Mentre la prima categoria preferisce le tesi di sistema, i secondi amano le antitesi alla forma costituita, anzi, proprio dall’antagonismo acceso essi irradiano il loro appeal seducente. Più la contrapposizione è acuta, più essi ne traggono beneficio, generando proselitismo.
Quanto accaduto negli ultimi giorni rinverdisce la spaccatura tra le due macro-categorie. Tra gli antipodi si colloca una gamma di innumerevoli sfumature, ciascuna definibile secondo diverse disamine del pensiero e del comportamento. Non volendo, tuttavia, entrare in dettagli che solo studiosi della mente umana potrebbero sviscerare, la domanda che ora mi sovviene è perché tutto ciò accada.
Leggo stamani l’editoriale di Antonio Polito sul Corriere e lì vi trovo in parte la risposta. Egli dice che stiamo vivendo una nuova forma di polarizzazione tra due visioni: una elitaria liberale e progressista e una non-elitaria conservatrice e tradizionalista. Alla base dello iato sociopolitico vi sarebbero “furia e rabbia”, stati d’animo così pressanti da costringere il centro-destra a varare provvedimenti statalisti acclamati dalla sinistra (tassazione extra profitti bancari), il tutto in un contesto politico nazionale a sovranità limitata per via di una finanza europea, se non mondiale, che imbriglia le decisioni più importanti del governo in materia di economia. Ecco allora, dice Polito, che vi è bisogno del “ruggito del leone”.
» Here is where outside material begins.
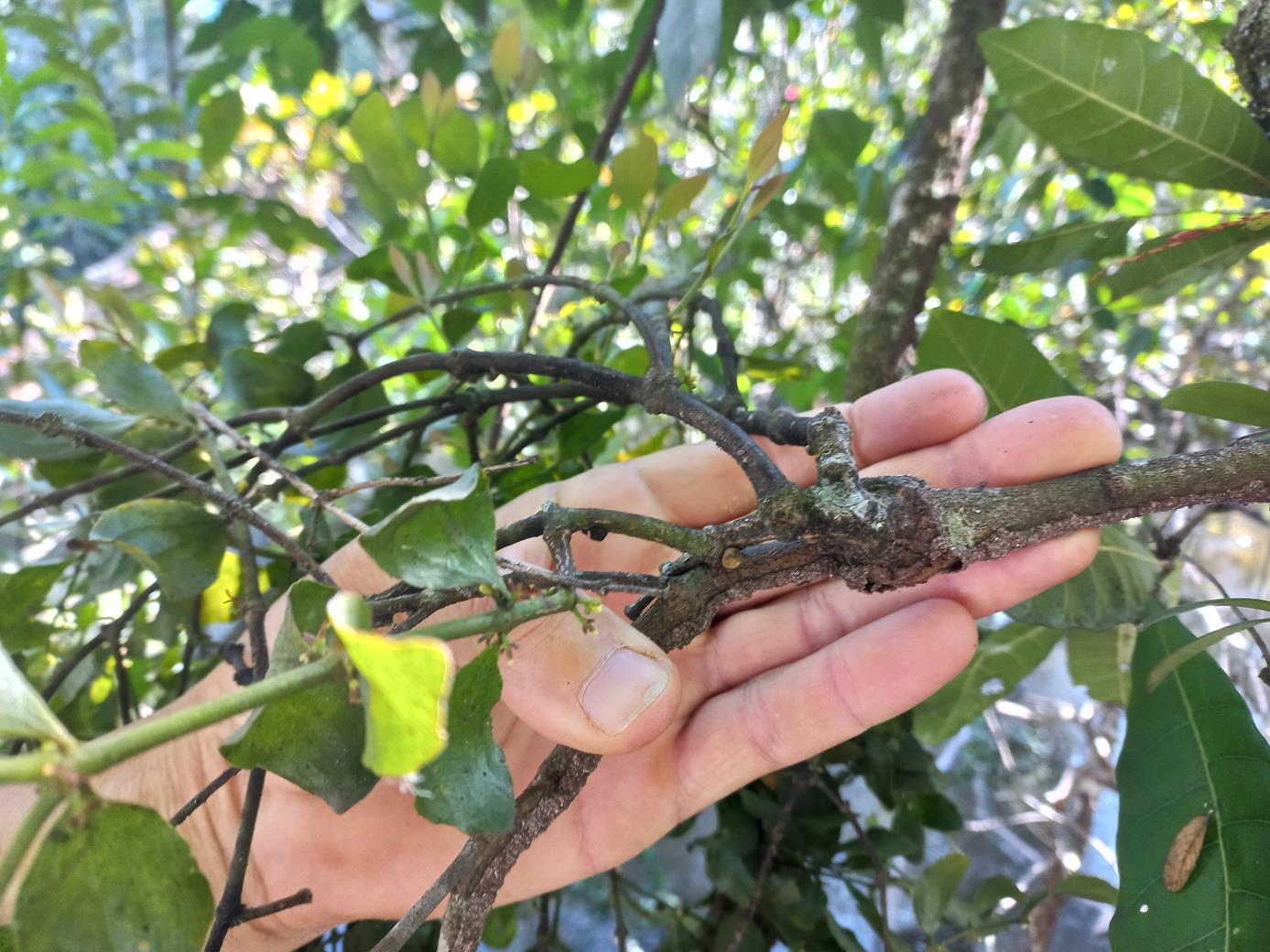 Viscum triflorum Viscum triflorum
L’urlo animale adesso echeggia nella savana della politica sociale ed economica infestata da iene e da sciacalli. Quanto più il leone è altolocato, presuntivamente nobile e coraggioso, tanto più la eco prodotta dal suo ruggito riverbera e persiste, piace, persuade, adula.
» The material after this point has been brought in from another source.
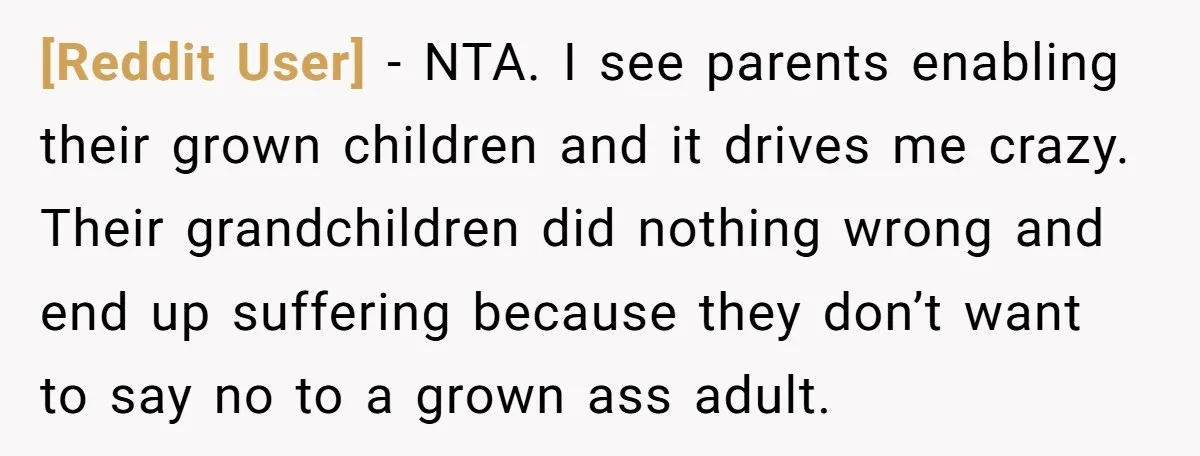[Reddit User] − NTA. I see parents enabling their grown children and it drives me crazy. Their grandchildren did nothing wrong and end up suffering because they don’t want to...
L’autorevole editorialista conclude paventando la possibilità, tutt’altro che auspicata, che la rottura intestina alla destra possa impedire “alla destra italiana di trasformarsi da forza antagonista e anti-sistema in moderna destra conservatrice e di governo”. Da “timorato” istituzionale, esprimo anche io l’auspicio che ciò non accada.
Non da ultimo, stante lo sguardo della testata online Perseo News costantemente rivolto alle tematiche della Difesa, ritengo che la stessa istituzione militare sia al momento divisa tra le due visioni socioculturali qui presentate, non quelle politiche in quanto non legittime, come manifestazione, per il personale in servizio.
Sono altrettanto certo, tuttavia, che l’equilibrio dei più, promotori della cultura di chi sia stato educato all’abnegazione, edulcorerà con successo gli effetti acustici e destabilizzanti dell’inatteso e rumoroso ruggito del leone di fine estate.